Some studies have shown that Apelin improves angiogenesis through the NO–cyclic guanosine monophosphate (cGMP) pathway, and they demonstrated the mechanism in neonatal rats with hyperoxia-induced lung injury.39–41 Moreover, other researchers support that the Apelin/APJ system upstream the VEGF in promoting angiogenesis. Apelin promotes angiogenesis by increasing the level of VEGF in post-MI mice;22,42–45 however, other studies contrast with those conclusions.46,47 In this study, plasma apelin levels in patients with MMD are significantly higher than patients with MCA occlusion and health controls, and the apelin plasma levels show no significant correlation with serum NO and VEGF levels temporarily, this needs to be confirmed by further research.

Meanwhile, our team graded all patients with MMD by digital subtraction angiography with a new grading system. This new MMD collateral grading system correlated well with clinical symptoms, hemodynamic status, and therapeutic prognosis. Moreover, it may facilitate risk stratification and prognosis predictions in MMD patients. It is divided into three levels, 1–4 points were classified as poor collateral circulation status (Grade I), 5–8 points as general collateral circulation status (Grade II), and 9–12 points as good collateral circulation status (Grade III).20 We found that apelin plasma levels were positively correlated with the classification of MMD for vascular compensation. This finding confirms the speculations of previous researchers, apelin may be related to the vascular compensation of MMD. In addition, previously, we found that apelin-12 may also be a promising candidate for developing clinically therapeutic drugs for ischemic brain disease.22 Giving further optimization, novel pro-angiogenesis drugs for serum apelin levels will be investigated, preventing the occurrence and development of ischemic cerebrovascular events and improving the outcomes for patients with MMD.
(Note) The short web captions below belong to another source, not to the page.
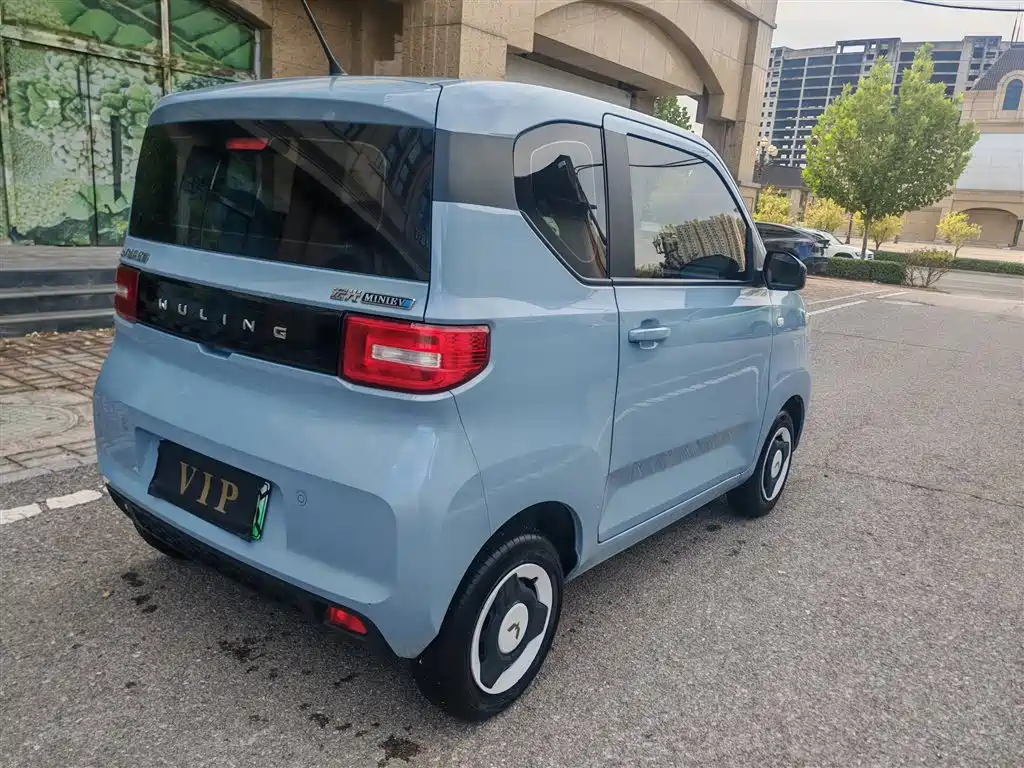 Wuling MINIEV — миниатюра 13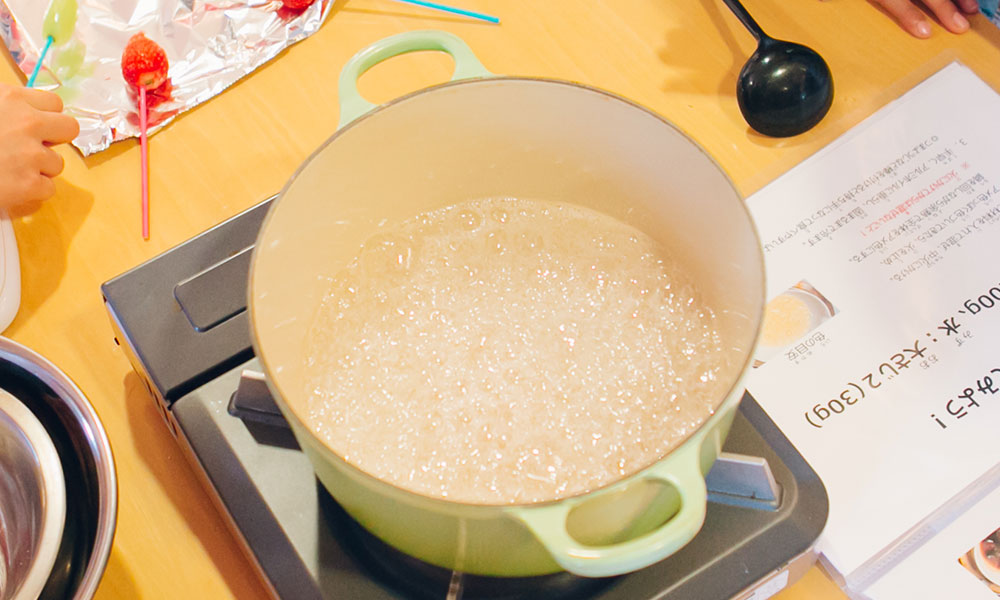 べっこうアメを作っている様子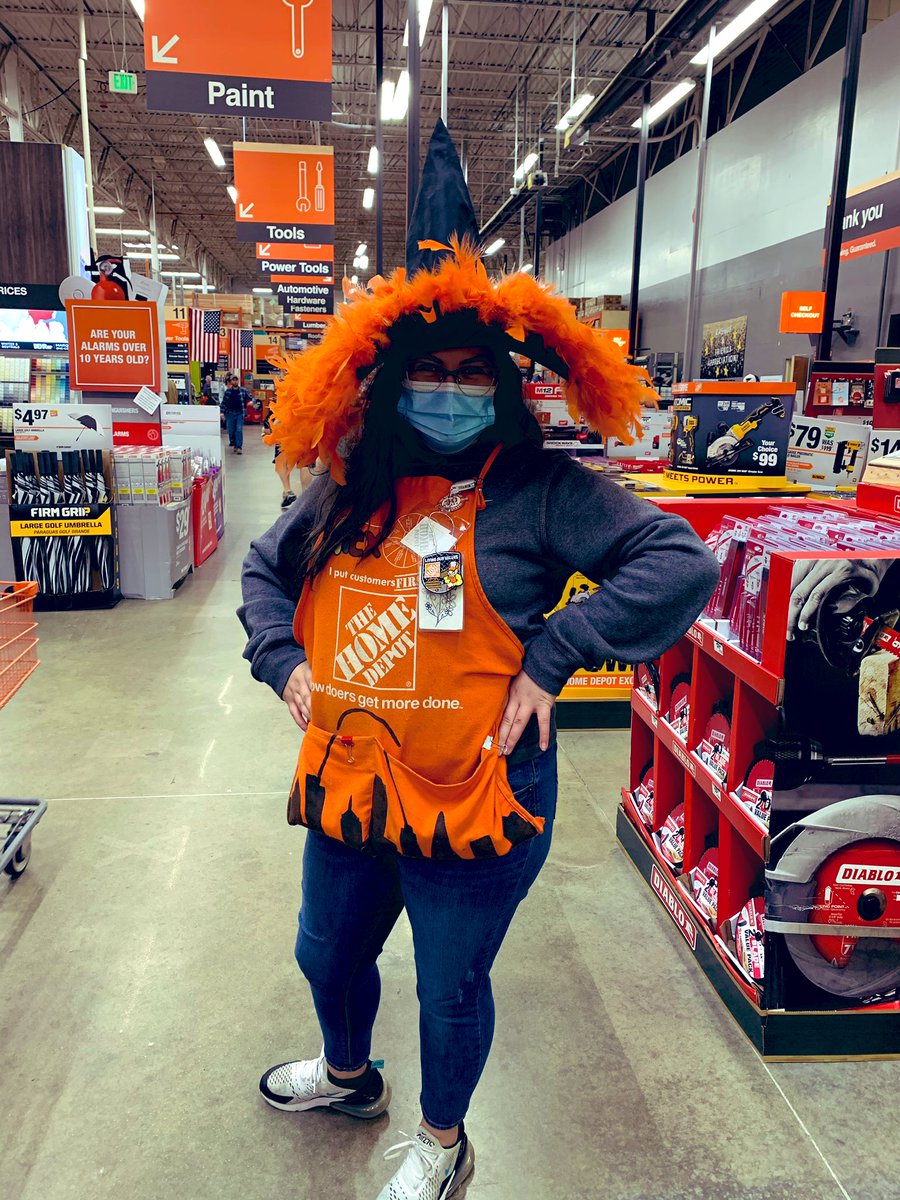 mandacottner's tweet photo. #HalloweenSpiritweek continues with #witchesnightout here at 3015! @TimLuca84807119 @JamesStringerHD @NancyHenryTHD @LilyGSV https://t.co/QHGzHlX34B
There are several limitations to this study. Firstly, the sample size is insufficient, especially the number of patients with MCA occlusion; secondly, there was no longitudinal comparative study to confirm; thirdly, not all patients underwent DSA, which may affect our assessment of blood vessels. These are the problems, which are the subject of our future research. Meanwhile, in subsequent studies, we can detect the concentration of apelin levels in the cerebrospinal fluid to see if there are regular changes during blood vessel formation like apelin in the blood, and we can further try drug treatment to improve the prognosis of intracranial aortic occlusion.

Conclusion

Our study demonstrated that apelin-13 was significantly increased in patients with MMD than patients with MCA occlusion, and there is a truncated value that can differentiate the two clinical diseases. Moreover, plasma apelin-13, apelin-17, and apelin-36 levels increase with the improved vascular compensation of MMD, confirming that apelin levels may have a tick relation with the angiogenesis mechanism in MMD and MCA occlusion. Although our sample size is not so satisfactory; apelin-13 might be a promising candidate for determining clinical prognosis in patients with ischemic stroke.